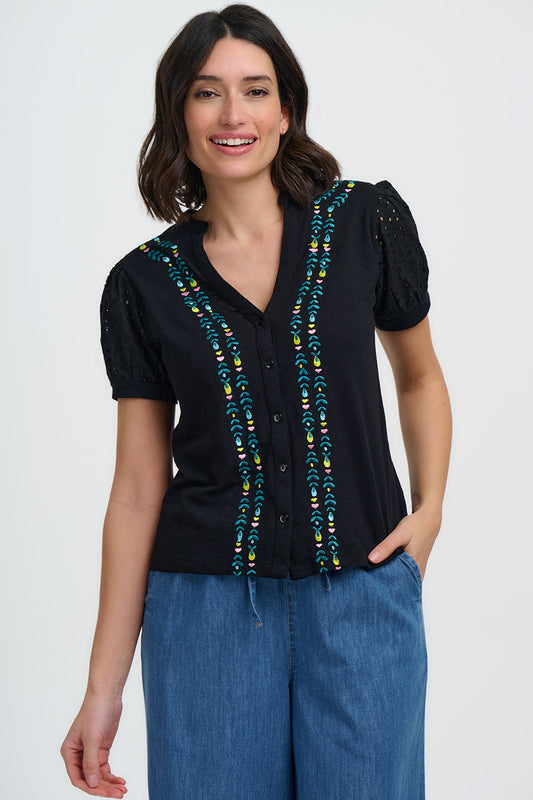 Bloes Zwart-Elsie Jersey Top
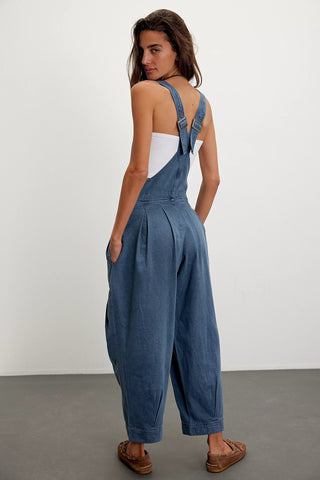 Women Loose Casual Side Pocket Sleeveless Denim Suspender Pants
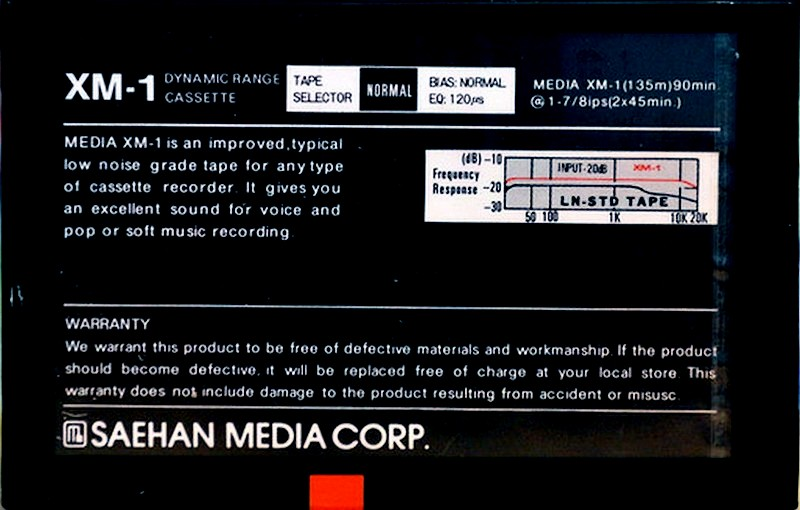 Compact Cassette Media XM-1 90 Type I Normal 1988 Europe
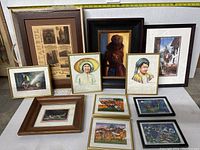 Full group of 12 framed art pieces including portraits, landscapes, cultural scenes in various media and frame styles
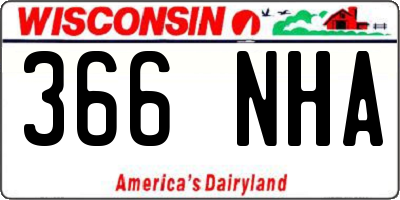 WI license plate 366NHA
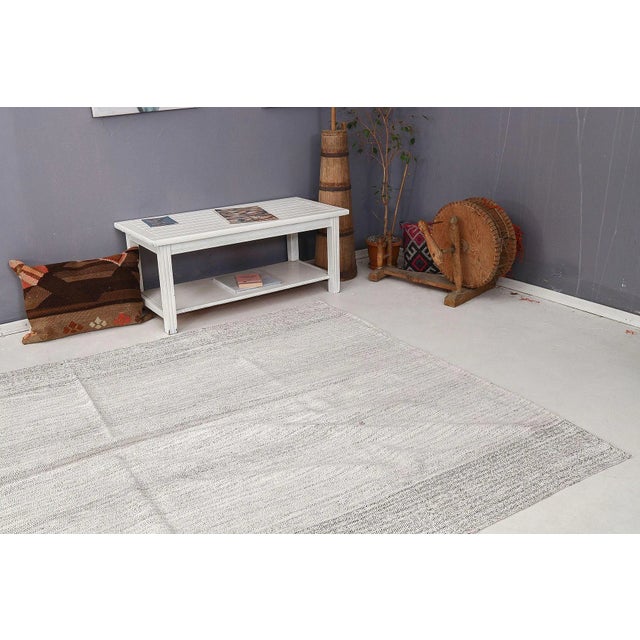 Mid 20th Century Light Gray Vintage Kilim Rug For Sale In Los Angeles - Image 6 of 7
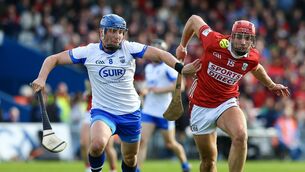 <p>Cork's Brian Hayes tries to get away from Paddy Leavey of Waterford during Saturday's Munster SHC clash at Azzurri Walsh Park. Picture: Inpho</p>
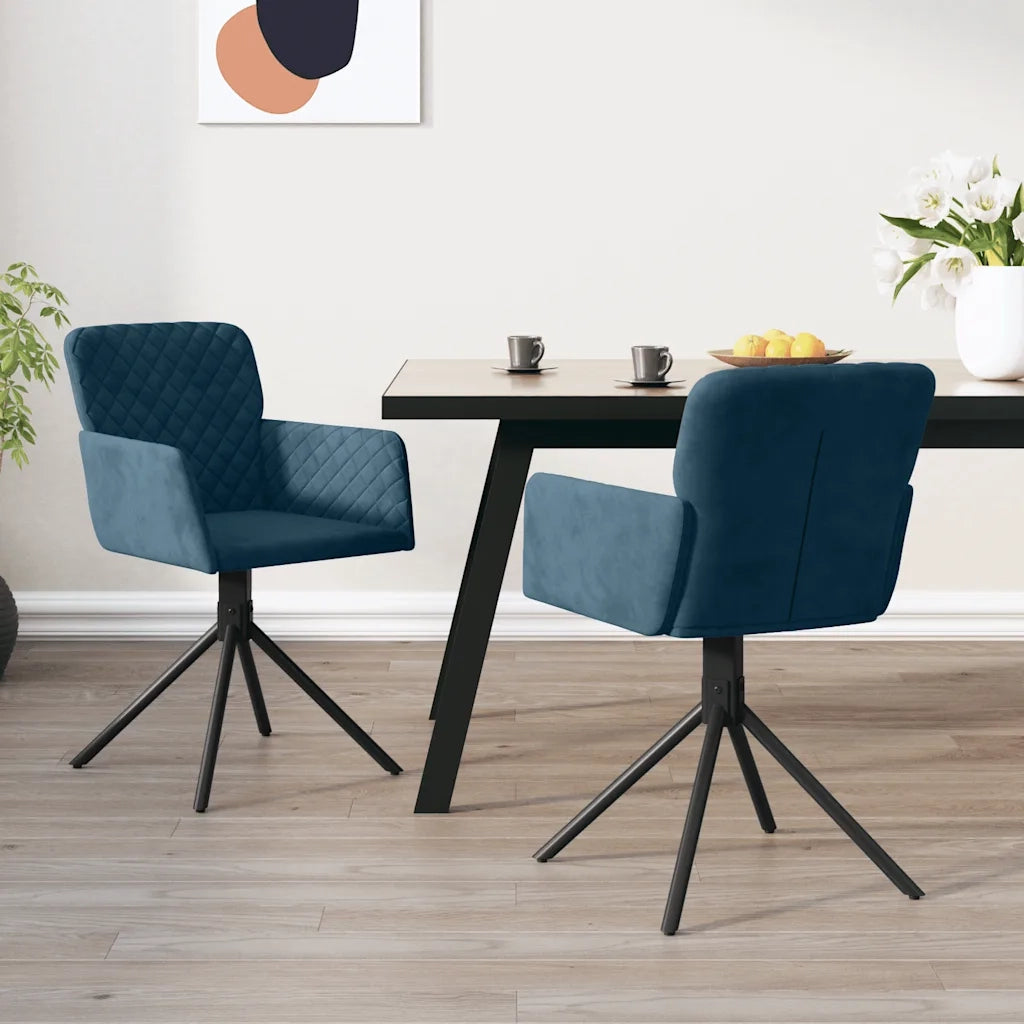 Sedie da Pranzo Girevoli 2 pz Blu in Velluto 344789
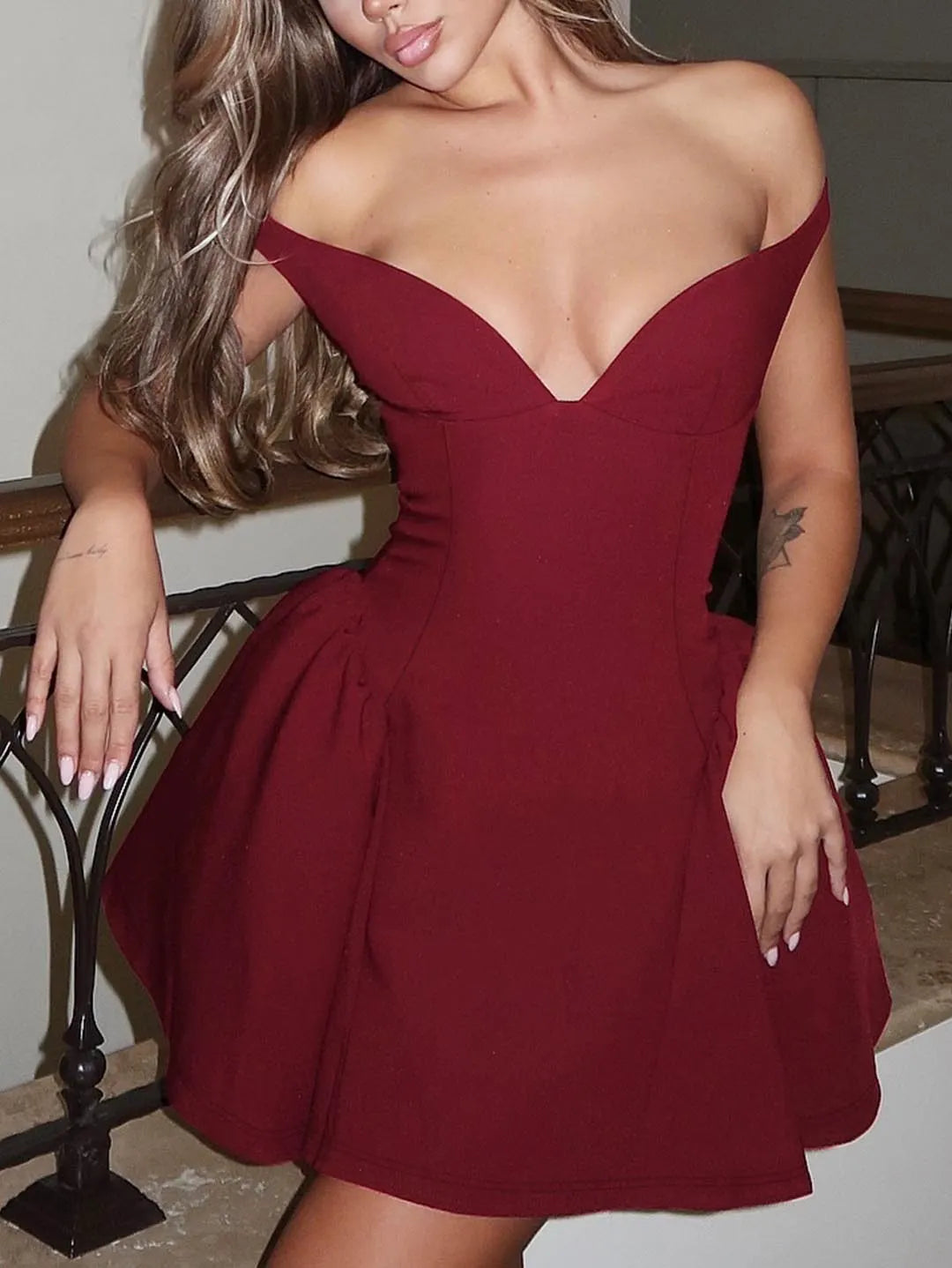 Elegant Low Cut V Neck Halter Mini Dress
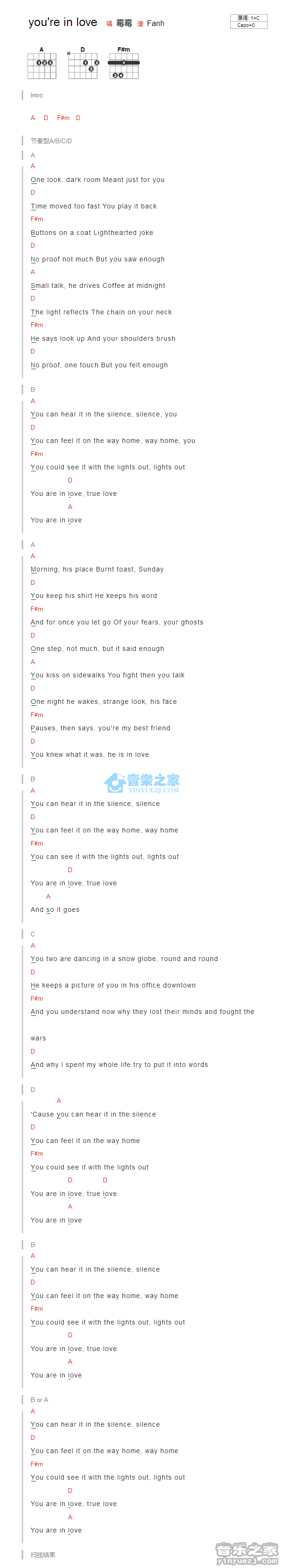 you are in love吉他六线谱 TaylorSwift youareinlove 音乐之家 C调
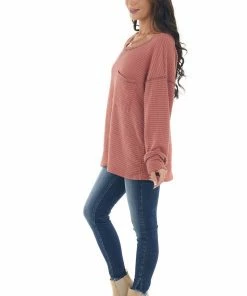 BiBi Hazy Coral Loose Waffle Knit Chest Pocket Top 20 BiBi Hazy Coral Loose Waffle Knit Chest Pocket Top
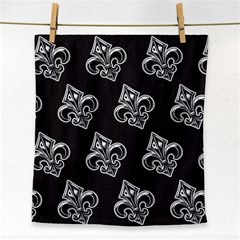 French France Fleur De Lys Metal Pattern Black And White Antique Vintage Black Rocker Face Towel by Quebec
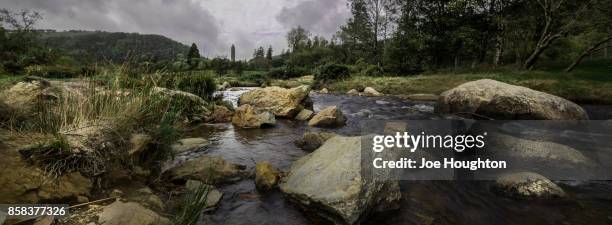 glendalough from the river - irish round tower 個照片及圖片檔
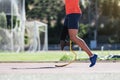 Close up disabled man athlete with leg prosthesis.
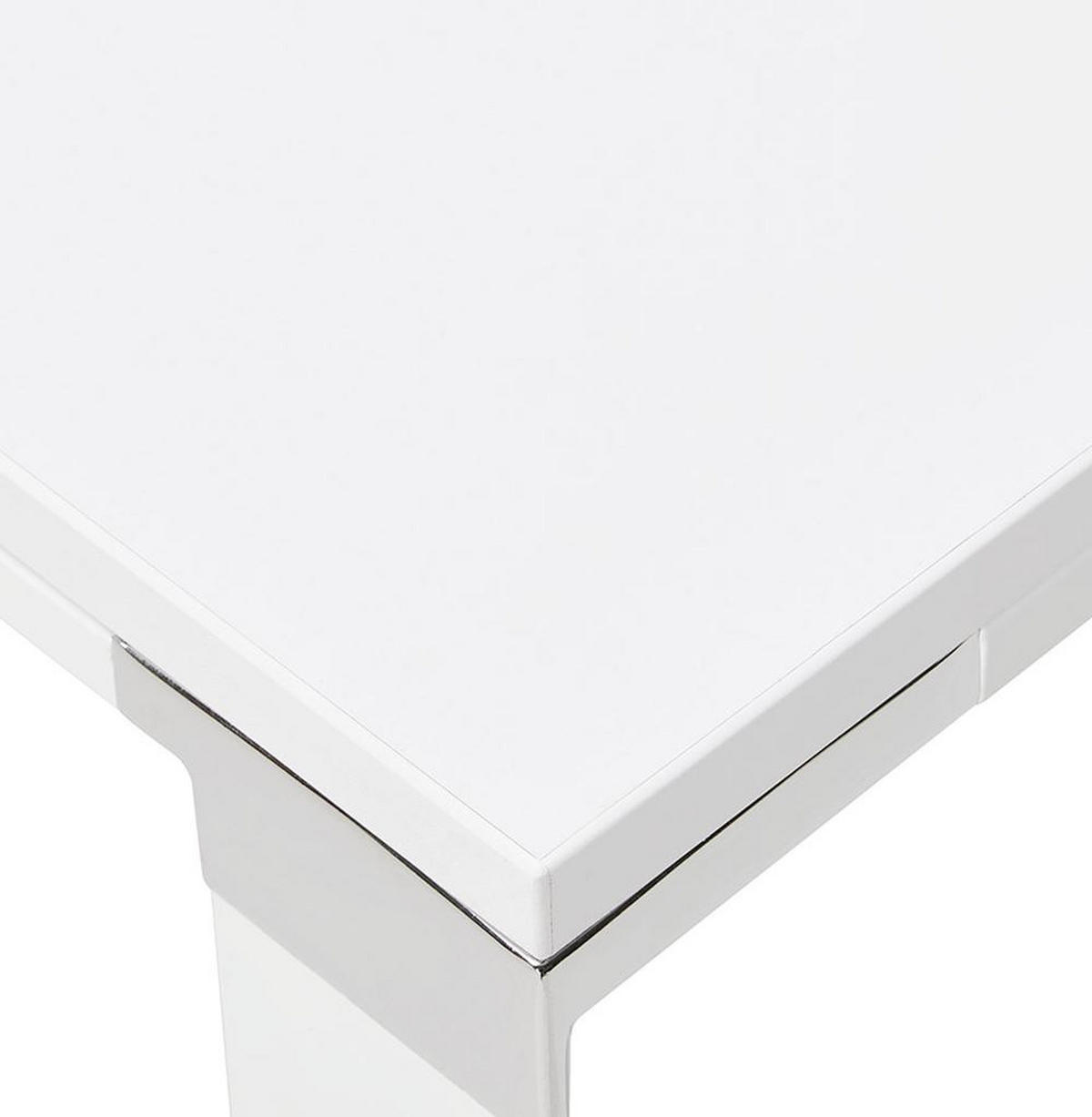 ECKSCHREIBTISCH Holz Metall Chromakzente KERIX, Weiß 170x160x74 cm - Weiß, Holz/Metall (160/170/74cm) - KADIMA DESIGN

§ **WORK TO COMPLETE**
Your answer should be every line above, written out exactly, with no pictures.

§ **RESPONSE TO THIS EXERCISE**
 Bloes Zwart-Elsie Jersey Top
 Women Loose Casual Side Pocket Sleeveless Denim Suspender Pants
 Compact Cassette Media XM-1 90 Type I Normal 1988 Europe
 Full group of 12 framed art pieces including portraits, landscapes, cultural scenes in various media and frame styles
 WI license plate 366NHA
 Mid 20th Century Light Gray Vintage Kilim Rug For Sale In Los Angeles - Image 6 of 7
 <p>Cork's Brian Hayes tries to get away from Paddy Leavey of Waterford during Saturday's Munster SHC clash at Azzurri Walsh Park. Picture: Inpho</p>
 Sedie da Pranzo Girevoli 2 pz Blu in Velluto 344789
 Elegant Low Cut V Neck Halter Mini Dress
 you are in love吉他六线谱 TaylorSwift youareinlove 音乐之家 C调
 BiBi Hazy Coral Loose Waffle Knit Chest Pocket Top 20 BiBi Hazy Coral Loose Waffle Knit Chest Pocket Top
 French France Fleur De Lys Metal Pattern Black And White Antique Vintage Black Rocker Face Towel by Quebec
 glendalough from the river - irish round tower 個照片及圖片檔
 Close up disabled man athlete with leg prosthesis.
 ECKSCHREIBTISCH Holz Metall Chromakzente KERIX, Weiß 170x160x74 cm - Weiß, Holz/Metall (160/170/74cm) - KADIMA DESIGN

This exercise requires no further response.